Dataset:
━━━━━━━━━━━━━━━━━━━━
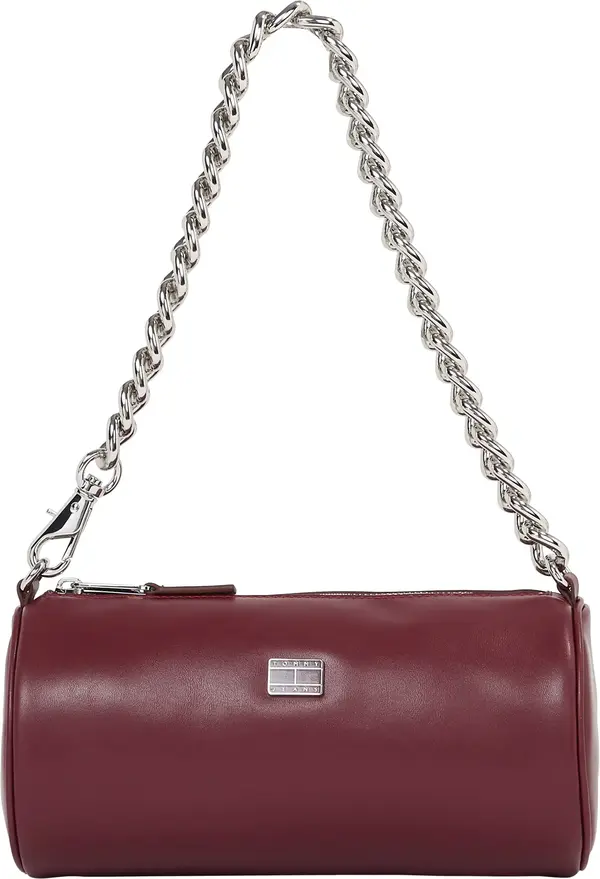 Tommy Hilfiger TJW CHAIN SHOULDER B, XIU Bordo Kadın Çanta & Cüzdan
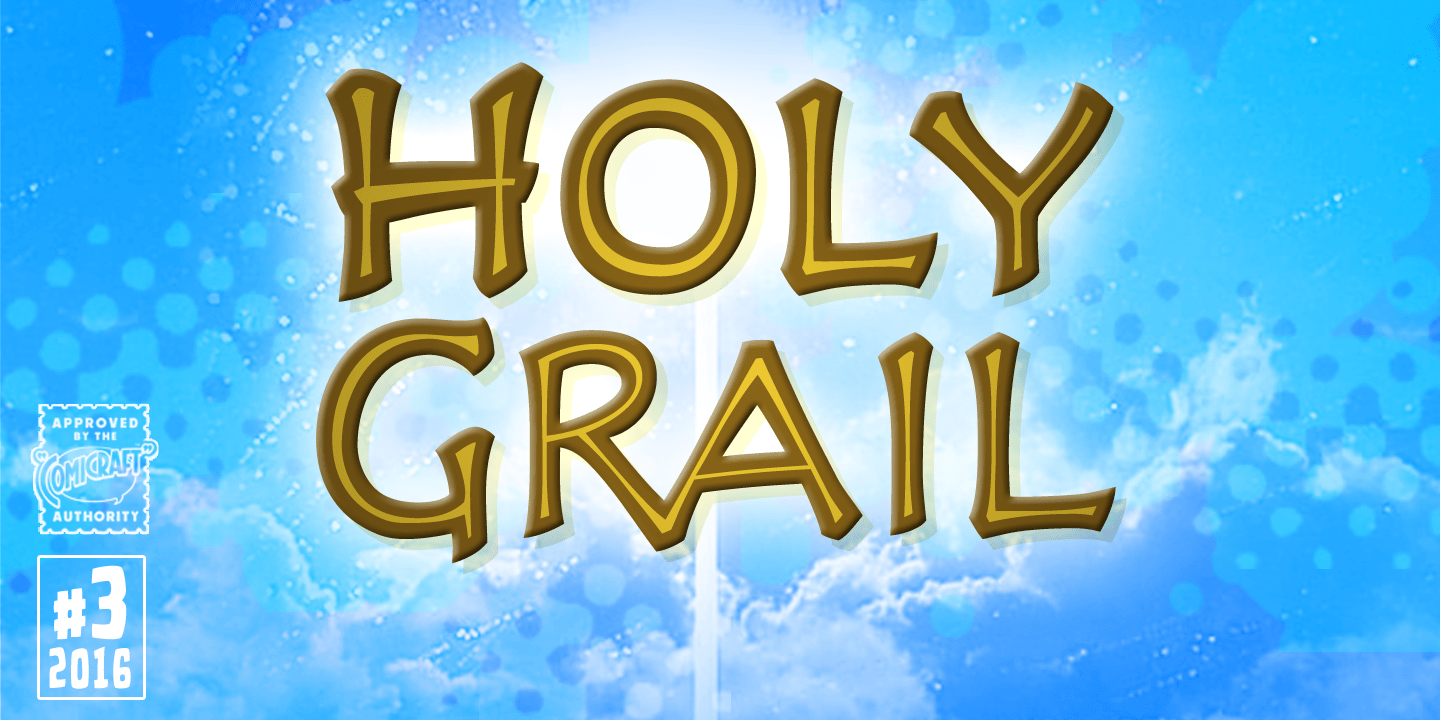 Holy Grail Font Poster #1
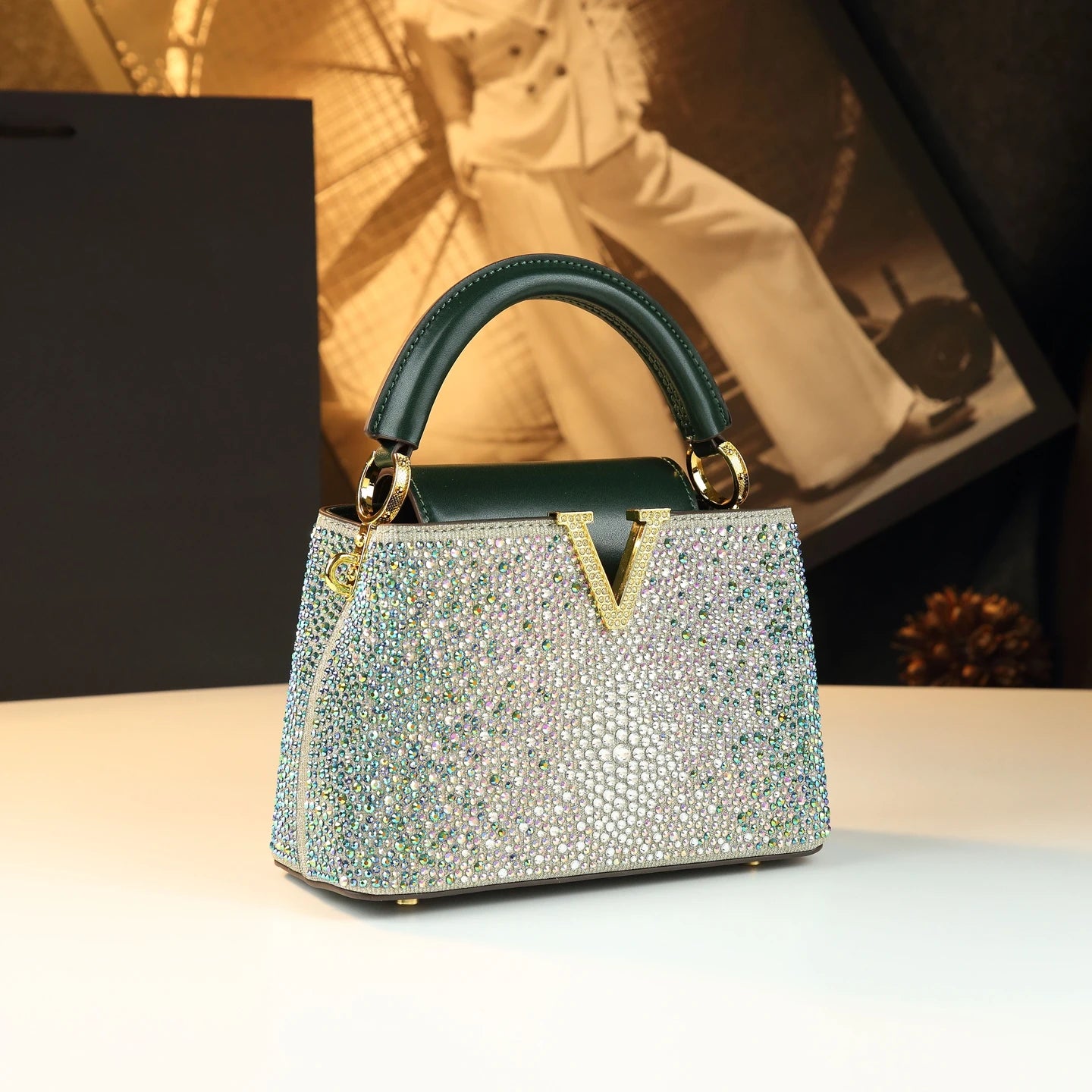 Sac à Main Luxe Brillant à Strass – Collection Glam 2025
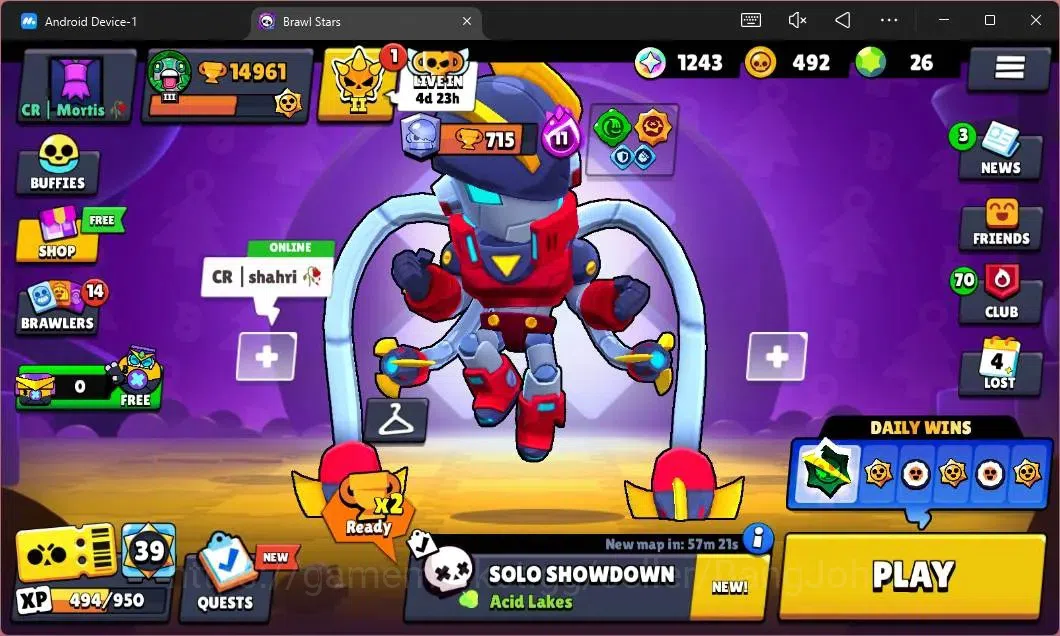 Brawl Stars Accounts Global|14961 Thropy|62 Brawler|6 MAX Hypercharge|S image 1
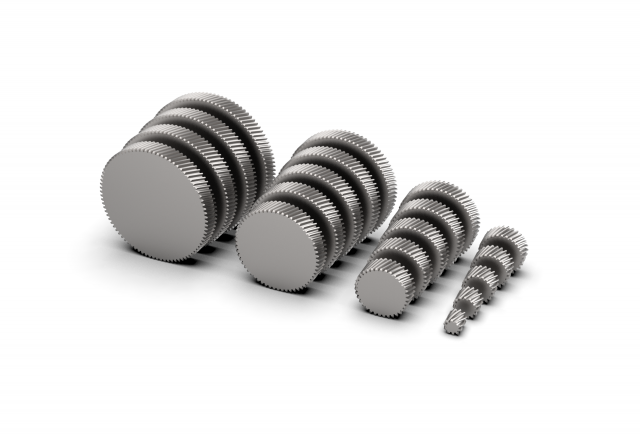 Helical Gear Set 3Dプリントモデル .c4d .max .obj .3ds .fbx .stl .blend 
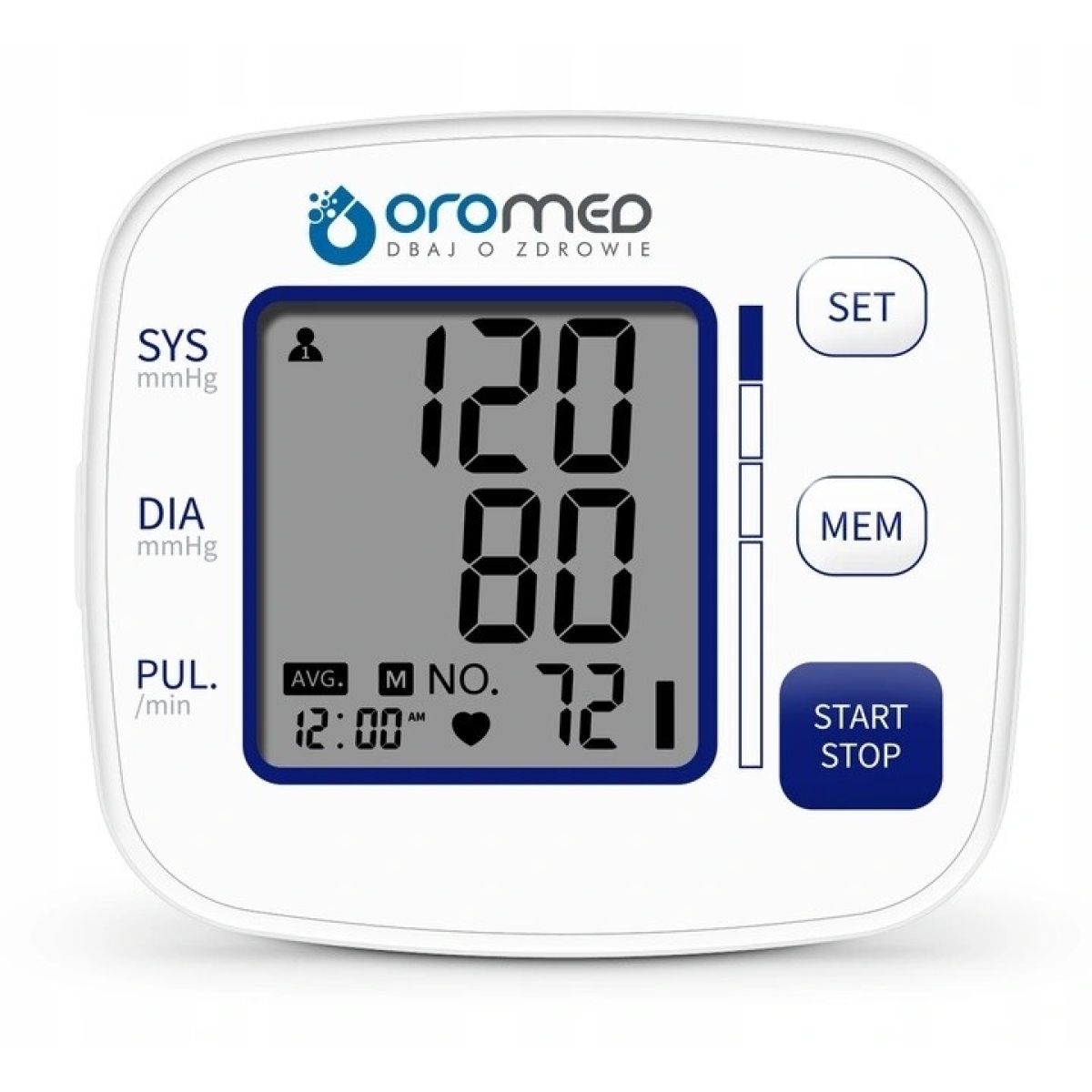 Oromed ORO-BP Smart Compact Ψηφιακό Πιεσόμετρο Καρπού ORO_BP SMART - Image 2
━━━━━━━━━━━━━━━━━━━━
Instructions for the task:
An exact repetition of the listing is needed, with the pictures dropped.

Solved exercise:
 Tommy Hilfiger TJW CHAIN SHOULDER B, XIU Bordo Kadın Çanta & Cüzdan
 Holy Grail Font Poster #1
 Sac à Main Luxe Brillant à Strass – Collection Glam 2025
 Brawl Stars Accounts Global|14961 Thropy|62 Brawler|6 MAX Hypercharge|S image 1
 Helical Gear Set 3Dプリントモデル .c4d .max .obj .3ds .fbx .stl .blend 
 Oromed ORO-BP Smart Compact Ψηφιακό Πιεσόμετρο Καρπού ORO_BP SMART - Image 2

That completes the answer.